Aspectos da Consulta Considerada Ineficaz

A Solução de Consulta também tratou de aspectos relacionados aos créditos de PIS/COFINS de pessoa jurídica incorporada, declarando ineficaz a consulta neste ponto por dois motivos principais:

  1. A dúvida referia-se a disposição literal de lei e ato normativo publicado antes da apresentação da consulta;
  2. A questão não tratava de interpretação da legislação tributária, mas de procedimento administrativo para aproveitamento dos créditos.

Essa decisão baseou-se no art. 18 da Instrução Normativa RFB nº 1.396/2013, que regulamenta o processo de consulta sobre interpretação da legislação tributária federal.

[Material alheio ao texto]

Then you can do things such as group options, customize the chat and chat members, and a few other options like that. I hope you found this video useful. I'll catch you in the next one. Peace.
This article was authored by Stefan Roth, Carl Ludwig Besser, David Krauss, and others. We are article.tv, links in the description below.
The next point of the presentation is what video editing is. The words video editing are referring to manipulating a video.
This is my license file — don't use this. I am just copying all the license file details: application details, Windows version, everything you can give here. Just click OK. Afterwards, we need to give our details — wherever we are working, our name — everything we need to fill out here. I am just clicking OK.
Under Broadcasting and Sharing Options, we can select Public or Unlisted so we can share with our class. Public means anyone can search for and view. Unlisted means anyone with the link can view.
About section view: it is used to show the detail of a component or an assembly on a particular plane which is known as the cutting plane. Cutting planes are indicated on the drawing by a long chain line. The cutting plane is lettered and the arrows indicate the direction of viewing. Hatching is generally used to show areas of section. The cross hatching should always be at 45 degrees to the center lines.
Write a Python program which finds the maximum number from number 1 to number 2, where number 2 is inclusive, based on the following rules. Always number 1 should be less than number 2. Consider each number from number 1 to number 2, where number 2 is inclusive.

Impactos Práticos para os Contribuintes

Esta Solução de Consulta traz importantes esclarecimentos que impactam diretamente a gestão tributária das empresas que operam no regime não cumulativo do PIS/Pasep e da COFINS, especialmente aquelas que incorrem em despesas significativas com armazenagem de mercadorias.

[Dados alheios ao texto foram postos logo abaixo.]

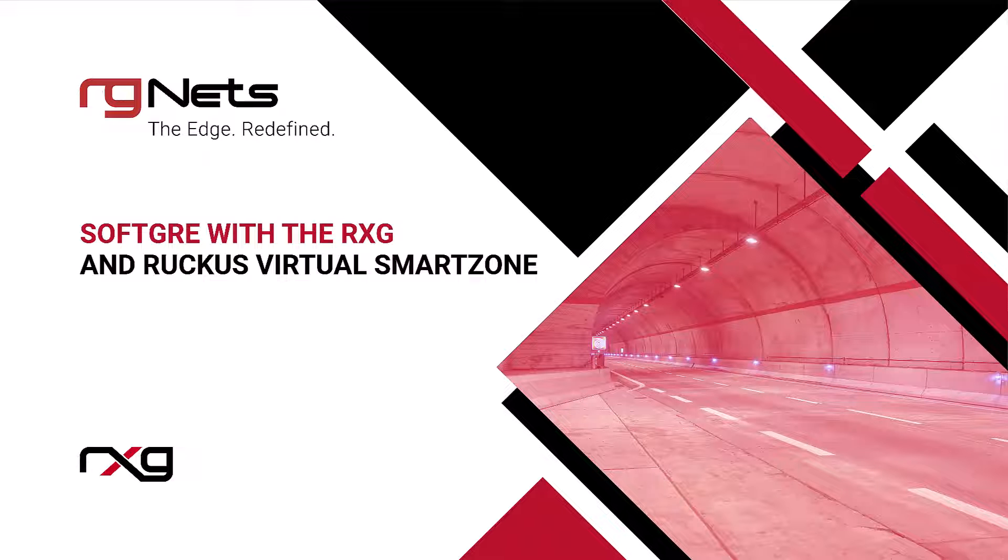Welcome to this feature presentation about how to configure a SoftGRE tunnel between an RGNets RXG and a Ruckus access point controlled by a virtual smart zone.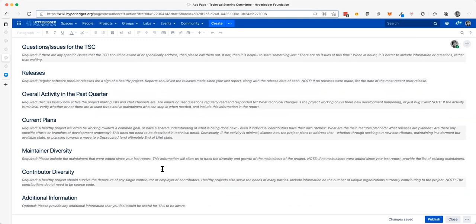Could we have a simpler template for those in the camp of 'my project is small and I don't want to spend too much time on it'? For them, just two questions: is your project alive — true or false? Do you need any help from the TSC — true or false? And then if you need help, continue typing. Otherwise, this is it. We could maybe convince them to use a simpler template if they feel that's all they need.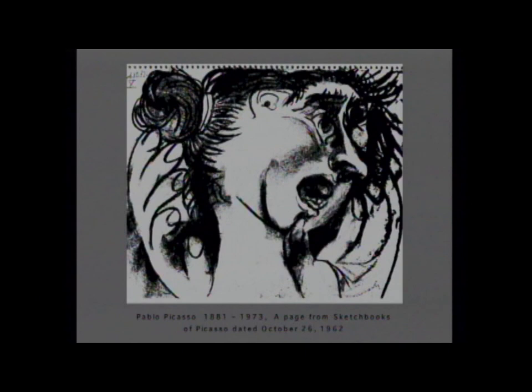Now we're going to start looking at black and white paintings and drawings. This is from Pablo Picasso, and you can see it's part of his sketchbook — you can see the spiral trim on the page. What's the expression of this drawing? It's a preparation for one of his paintings. From here on in, I want you to look at the attributes of paintings and art as painters look at art.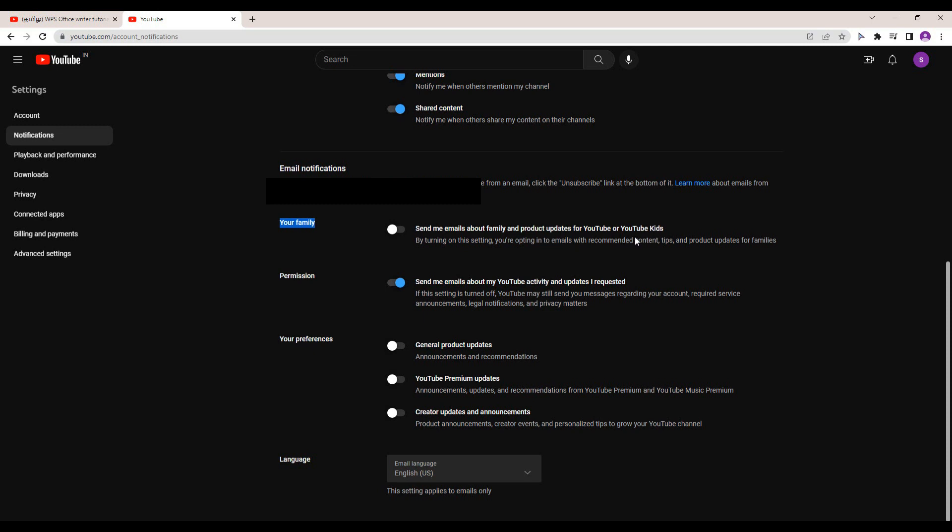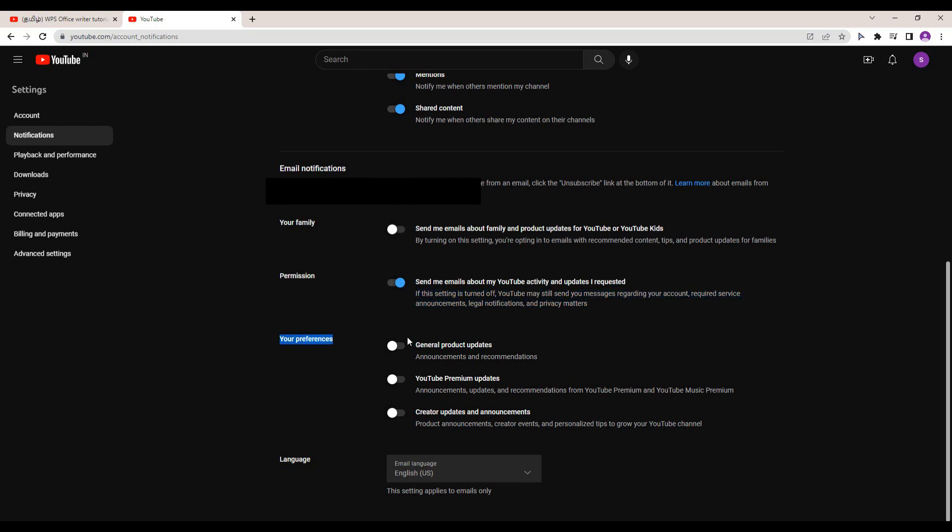And there is also a language setting - the mail language can also be changed. This will change only the mail language and not your YouTube language. So you can turn it on or turn it off from here for which emails that you want.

Na prática, as empresas precisam:

  • Identificar corretamente a natureza das mercadorias armazenadas (produção própria, para revenda, sujeitas a regimes especiais);
  • Verificar se as mercadorias para revenda se enquadram nas exceções previstas (substituição tributária, tributação monofásica, álcool);
  • No caso de mercadorias importadas, assegurar que a armazenagem seja contratada com pessoa jurídica brasileira;
  • Garantir que a mercadoria seja encaminhada diretamente do armazém para o adquirente; e
  • Manter a documentação comprobatória adequada para sustentar o direito ao crédito.

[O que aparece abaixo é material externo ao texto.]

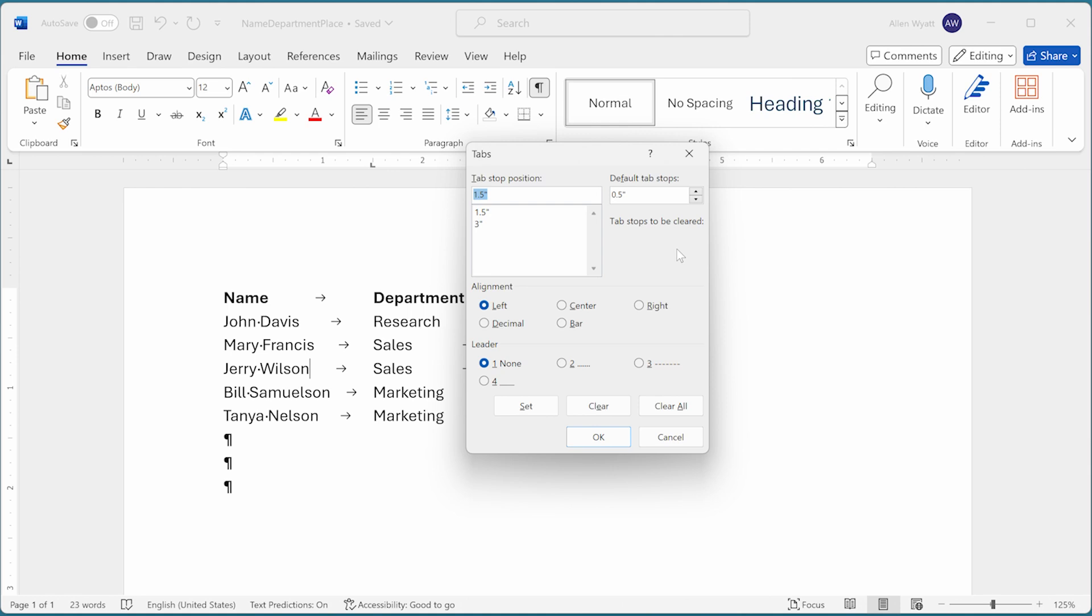It's important to realize that any changes you do make here will affect just the paragraph in which the insertion point is located. And because the insertion point is within this paragraph, the tab stops that are shown in the tabs dialog box are those that are set within this paragraph.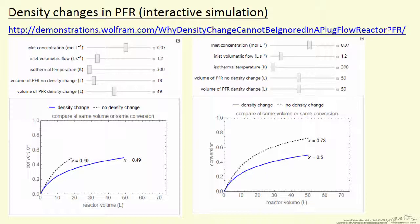I'm going to briefly describe an interactive simulation that allows you to better understand the effect of density changes in plug flow reactors. If we have a gas phase reaction — looking at an isothermal reactor — and there's a mole change, for example one mole reacting to two moles, therefore there's a volumetric flow rate change, or equivalently, a mass density change.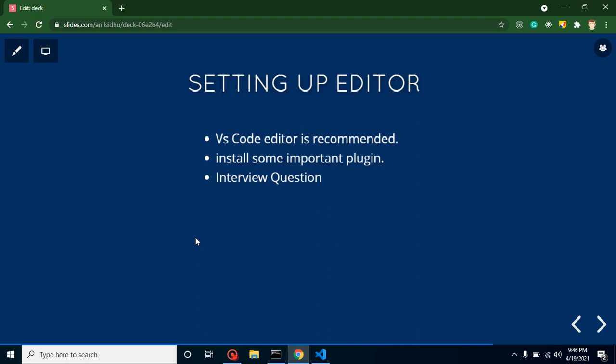Hello beautiful minds, my name is Anil and welcome back to Code Step by Step. This is part 3 of the TypeScript tutorial, and in this part we will learn how to set up our editor.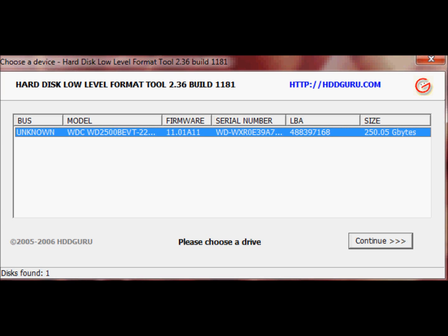After installing the tool, when you invoke it, the tool tries to find all the storage devices connected to the system and lists them in the box here. For example, I have my hard disk listed here. I don't have a pen drive connected so it is not showing my pen drive. You can choose the storage device you want to low level format and click continue.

A correta aplicação dessas orientações permite às empresas otimizar legitimamente sua carga tributária, aproveitando créditos de PIS/COFINS aos quais têm direito, sem incorrer em riscos fiscais desnecessários.

Considerações Finais

A Solução de Consulta COSIT nº 228/2019 oferece um importante guia para as empresas que buscam compreender seu direito ao creditamento de PIS/COFINS nas operações de armazenagem. Ao vincular-se parcialmente a outras soluções anteriores (Solução de Divergência COSIT nº 2/2017 e Solução de Consulta COSIT nº 241/2017), a orientação reforça o entendimento consolidado da Receita Federal sobre o tema.

É fundamental que os contribuintes analisem cuidadosamente as características específicas de suas operações para determinar com precisão seu direito ao creditamento, considerando as regras e exceções apresentadas. Recomenda-se, ainda, um acompanhamento constante das atualizações normativas, uma vez que a legislação tributária federal sofre frequentes alterações que podem impactar esse entendimento.